Dear NMUSERS,#
I would like to ask for some opinions regarding the handling of missing lab
values in a NONMEM Dataset;
Our normal procedure:
Parameter values will be carried backward to the first visit if the first visit
value is missing, it will be carry forward to the last visit if no value is
available at the last visit and will be set at the median value of two adjacent
visits in other cases.
Now we have a phase III study (multiple doses), one safety lab at day -1 and
one safety lab at final examination only, no lab in between (>6 month)
Two main strategies are possible
1.) Different from our standard procedure:
Carry the lab value at final examination backward to day -1.
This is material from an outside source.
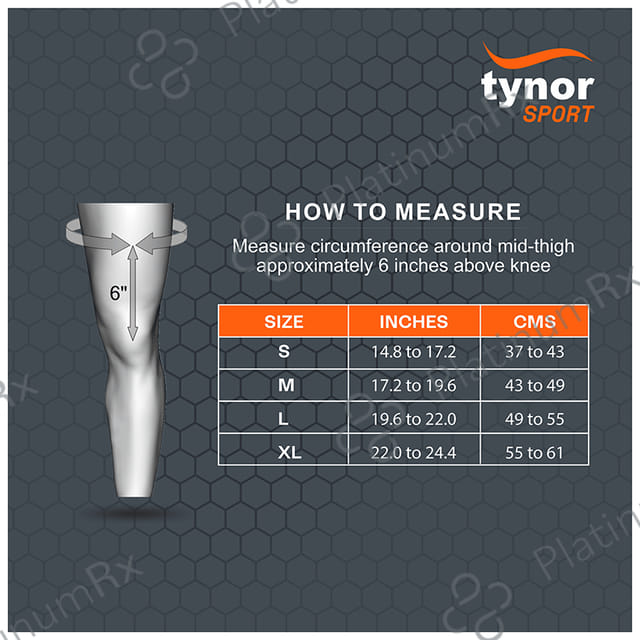Tynor Knee Cap Air Pro Large Orange & Black 2s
2.) According to our standard: Use the median (or perhaps a regression
between the first and final examination)
:
My assumptions:
The first strategy might be useful to reflect the influence of the drug on lab
values and will reflect the steady state situation.
The second strategy might be better to characterize the influence of the lab
values on the PK of the drug, e.g if a disease worsens during the study.
As our main focus will be the last one, I would use the standard approach.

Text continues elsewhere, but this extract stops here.